>>
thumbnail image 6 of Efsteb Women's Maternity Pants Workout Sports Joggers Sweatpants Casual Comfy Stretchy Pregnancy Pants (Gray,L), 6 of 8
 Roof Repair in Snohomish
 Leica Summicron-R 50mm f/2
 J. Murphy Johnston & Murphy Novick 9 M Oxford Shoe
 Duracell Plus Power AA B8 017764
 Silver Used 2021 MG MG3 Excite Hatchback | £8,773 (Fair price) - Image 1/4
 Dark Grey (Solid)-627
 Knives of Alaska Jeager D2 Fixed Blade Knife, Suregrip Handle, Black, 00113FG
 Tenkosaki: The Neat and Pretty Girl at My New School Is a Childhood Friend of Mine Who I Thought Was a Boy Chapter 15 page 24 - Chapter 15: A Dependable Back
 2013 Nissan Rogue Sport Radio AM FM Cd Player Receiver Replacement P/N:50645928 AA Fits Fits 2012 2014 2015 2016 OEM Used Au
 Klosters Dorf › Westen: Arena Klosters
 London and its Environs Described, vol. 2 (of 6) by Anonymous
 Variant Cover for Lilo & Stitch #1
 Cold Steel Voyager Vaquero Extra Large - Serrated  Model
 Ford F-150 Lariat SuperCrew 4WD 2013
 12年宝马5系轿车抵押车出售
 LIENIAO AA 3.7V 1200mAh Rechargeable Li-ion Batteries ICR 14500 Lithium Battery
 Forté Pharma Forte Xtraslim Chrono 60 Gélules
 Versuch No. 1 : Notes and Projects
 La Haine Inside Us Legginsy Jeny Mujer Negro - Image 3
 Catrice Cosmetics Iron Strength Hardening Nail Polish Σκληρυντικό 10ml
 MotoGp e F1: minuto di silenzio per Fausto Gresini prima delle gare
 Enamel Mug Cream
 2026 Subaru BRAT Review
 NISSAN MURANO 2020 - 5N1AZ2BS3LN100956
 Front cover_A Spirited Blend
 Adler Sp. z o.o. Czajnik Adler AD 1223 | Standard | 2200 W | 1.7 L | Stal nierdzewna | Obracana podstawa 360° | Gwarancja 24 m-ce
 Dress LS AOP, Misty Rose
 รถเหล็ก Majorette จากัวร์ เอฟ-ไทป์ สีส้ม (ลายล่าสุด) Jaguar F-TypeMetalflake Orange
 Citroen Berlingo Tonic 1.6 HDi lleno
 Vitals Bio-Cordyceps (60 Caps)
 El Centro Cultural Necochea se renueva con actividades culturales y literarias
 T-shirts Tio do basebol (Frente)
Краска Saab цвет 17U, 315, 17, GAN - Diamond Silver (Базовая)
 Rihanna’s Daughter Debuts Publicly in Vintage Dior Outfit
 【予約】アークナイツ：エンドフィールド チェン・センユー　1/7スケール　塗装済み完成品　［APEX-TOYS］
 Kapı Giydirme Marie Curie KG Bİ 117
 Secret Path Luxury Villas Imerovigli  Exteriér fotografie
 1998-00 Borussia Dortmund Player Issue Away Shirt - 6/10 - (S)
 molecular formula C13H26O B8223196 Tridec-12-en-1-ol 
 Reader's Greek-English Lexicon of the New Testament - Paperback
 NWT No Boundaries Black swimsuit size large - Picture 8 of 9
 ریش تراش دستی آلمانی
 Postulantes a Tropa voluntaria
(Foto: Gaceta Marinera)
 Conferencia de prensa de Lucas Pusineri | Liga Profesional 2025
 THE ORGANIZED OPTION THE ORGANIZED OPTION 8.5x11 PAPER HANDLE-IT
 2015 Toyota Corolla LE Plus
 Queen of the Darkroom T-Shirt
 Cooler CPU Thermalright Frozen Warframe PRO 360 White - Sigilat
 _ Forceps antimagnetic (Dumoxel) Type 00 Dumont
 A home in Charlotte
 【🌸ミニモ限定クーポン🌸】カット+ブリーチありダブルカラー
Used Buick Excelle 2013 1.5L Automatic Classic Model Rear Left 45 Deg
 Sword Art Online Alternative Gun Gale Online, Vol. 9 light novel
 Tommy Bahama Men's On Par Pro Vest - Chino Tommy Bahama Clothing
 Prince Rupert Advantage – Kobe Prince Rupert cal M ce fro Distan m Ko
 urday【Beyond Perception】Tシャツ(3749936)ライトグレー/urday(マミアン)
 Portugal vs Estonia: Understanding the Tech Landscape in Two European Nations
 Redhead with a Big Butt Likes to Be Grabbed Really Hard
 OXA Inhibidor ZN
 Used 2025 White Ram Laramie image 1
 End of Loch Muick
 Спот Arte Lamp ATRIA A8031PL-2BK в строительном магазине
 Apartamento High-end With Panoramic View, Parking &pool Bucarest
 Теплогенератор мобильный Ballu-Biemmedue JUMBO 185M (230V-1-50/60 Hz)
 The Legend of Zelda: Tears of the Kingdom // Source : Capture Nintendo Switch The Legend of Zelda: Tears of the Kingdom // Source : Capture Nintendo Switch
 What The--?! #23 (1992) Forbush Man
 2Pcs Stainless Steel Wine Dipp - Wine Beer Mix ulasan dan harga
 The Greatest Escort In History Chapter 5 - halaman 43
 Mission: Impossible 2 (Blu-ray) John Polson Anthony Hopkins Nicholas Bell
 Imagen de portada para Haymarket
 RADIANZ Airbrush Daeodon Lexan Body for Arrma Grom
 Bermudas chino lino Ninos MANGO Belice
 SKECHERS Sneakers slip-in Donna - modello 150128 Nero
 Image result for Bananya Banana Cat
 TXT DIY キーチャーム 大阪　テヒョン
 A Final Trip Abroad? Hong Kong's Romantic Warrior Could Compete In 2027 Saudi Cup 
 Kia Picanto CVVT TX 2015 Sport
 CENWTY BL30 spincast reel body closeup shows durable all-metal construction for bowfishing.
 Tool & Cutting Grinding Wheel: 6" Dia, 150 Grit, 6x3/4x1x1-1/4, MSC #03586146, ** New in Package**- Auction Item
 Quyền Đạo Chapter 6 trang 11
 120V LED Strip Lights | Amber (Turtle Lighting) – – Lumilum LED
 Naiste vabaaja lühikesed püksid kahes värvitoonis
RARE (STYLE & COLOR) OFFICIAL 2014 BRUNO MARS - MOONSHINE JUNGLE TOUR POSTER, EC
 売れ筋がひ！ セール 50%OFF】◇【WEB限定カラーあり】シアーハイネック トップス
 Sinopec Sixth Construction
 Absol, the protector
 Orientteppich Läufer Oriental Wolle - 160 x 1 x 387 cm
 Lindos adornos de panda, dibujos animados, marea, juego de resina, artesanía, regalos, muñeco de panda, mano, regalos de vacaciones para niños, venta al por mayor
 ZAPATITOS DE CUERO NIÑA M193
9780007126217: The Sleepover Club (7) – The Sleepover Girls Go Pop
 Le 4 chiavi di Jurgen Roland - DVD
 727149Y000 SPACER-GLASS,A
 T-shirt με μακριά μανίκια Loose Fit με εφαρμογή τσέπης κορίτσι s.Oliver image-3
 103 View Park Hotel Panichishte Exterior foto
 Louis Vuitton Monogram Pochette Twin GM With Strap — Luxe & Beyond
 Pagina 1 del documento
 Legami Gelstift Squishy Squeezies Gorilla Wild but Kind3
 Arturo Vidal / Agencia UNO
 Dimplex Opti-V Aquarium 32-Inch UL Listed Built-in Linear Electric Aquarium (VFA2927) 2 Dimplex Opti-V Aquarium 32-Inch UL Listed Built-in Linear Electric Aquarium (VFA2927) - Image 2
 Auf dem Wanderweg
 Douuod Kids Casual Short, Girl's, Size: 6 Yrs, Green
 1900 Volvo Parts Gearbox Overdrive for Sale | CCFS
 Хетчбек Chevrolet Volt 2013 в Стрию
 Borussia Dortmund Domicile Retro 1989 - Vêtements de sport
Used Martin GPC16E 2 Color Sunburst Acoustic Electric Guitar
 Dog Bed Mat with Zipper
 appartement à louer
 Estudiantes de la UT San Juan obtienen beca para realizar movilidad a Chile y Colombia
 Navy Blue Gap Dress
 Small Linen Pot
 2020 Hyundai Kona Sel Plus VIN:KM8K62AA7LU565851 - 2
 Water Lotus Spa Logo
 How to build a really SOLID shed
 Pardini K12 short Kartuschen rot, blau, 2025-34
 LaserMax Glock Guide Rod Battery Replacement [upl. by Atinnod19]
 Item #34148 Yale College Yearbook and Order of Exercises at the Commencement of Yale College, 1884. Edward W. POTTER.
<<
Your answer must hold the line containing "Kia Picanto CVVT TX 2015 Sport" and all lines after it in the entries above, exactly, and nothing else.

● Answer section
 Kia Picanto CVVT TX 2015 Sport
 CENWTY BL30 spincast reel body closeup shows durable all-metal construction for bowfishing.
 Tool & Cutting Grinding Wheel: 6" Dia, 150 Grit, 6x3/4x1x1-1/4, MSC #03586146, ** New in Package**- Auction Item
 Quyền Đạo Chapter 6 trang 11
 120V LED Strip Lights | Amber (Turtle Lighting) – – Lumilum LED
 Naiste vabaaja lühikesed püksid kahes värvitoonis
RARE (STYLE & COLOR) OFFICIAL 2014 BRUNO MARS - MOONSHINE JUNGLE TOUR POSTER, EC
 売れ筋がひ！ セール 50%OFF】◇【WEB限定カラーあり】シアーハイネック トップス
 Sinopec Sixth Construction
 Absol, the protector
 Orientteppich Läufer Oriental Wolle - 160 x 1 x 387 cm
 Lindos adornos de panda, dibujos animados, marea, juego de resina, artesanía, regalos, muñeco de panda, mano, regalos de vacaciones para niños, venta al por mayor
 ZAPATITOS DE CUERO NIÑA M193
9780007126217: The Sleepover Club (7) – The Sleepover Girls Go Pop
 Le 4 chiavi di Jurgen Roland - DVD
 727149Y000 SPACER-GLASS,A
 T-shirt με μακριά μανίκια Loose Fit με εφαρμογή τσέπης κορίτσι s.Oliver image-3
 103 View Park Hotel Panichishte Exterior foto
 Louis Vuitton Monogram Pochette Twin GM With Strap — Luxe & Beyond
 Pagina 1 del documento
 Legami Gelstift Squishy Squeezies Gorilla Wild but Kind3
 Arturo Vidal / Agencia UNO
 Dimplex Opti-V Aquarium 32-Inch UL Listed Built-in Linear Electric Aquarium (VFA2927) 2 Dimplex Opti-V Aquarium 32-Inch UL Listed Built-in Linear Electric Aquarium (VFA2927) - Image 2
 Auf dem Wanderweg
 Douuod Kids Casual Short, Girl's, Size: 6 Yrs, Green
 1900 Volvo Parts Gearbox Overdrive for Sale | CCFS
 Хетчбек Chevrolet Volt 2013 в Стрию
 Borussia Dortmund Domicile Retro 1989 - Vêtements de sport
Used Martin GPC16E 2 Color Sunburst Acoustic Electric Guitar
 Dog Bed Mat with Zipper
 appartement à louer
 Estudiantes de la UT San Juan obtienen beca para realizar movilidad a Chile y Colombia
 Navy Blue Gap Dress
 Small Linen Pot
 2020 Hyundai Kona Sel Plus VIN:KM8K62AA7LU565851 - 2
 Water Lotus Spa Logo
 How to build a really SOLID shed
 Pardini K12 short Kartuschen rot, blau, 2025-34
 LaserMax Glock Guide Rod Battery Replacement [upl. by Atinnod19]
 Item #34148 Yale College Yearbook and Order of Exercises at the Commencement of Yale College, 1884. Edward W. POTTER.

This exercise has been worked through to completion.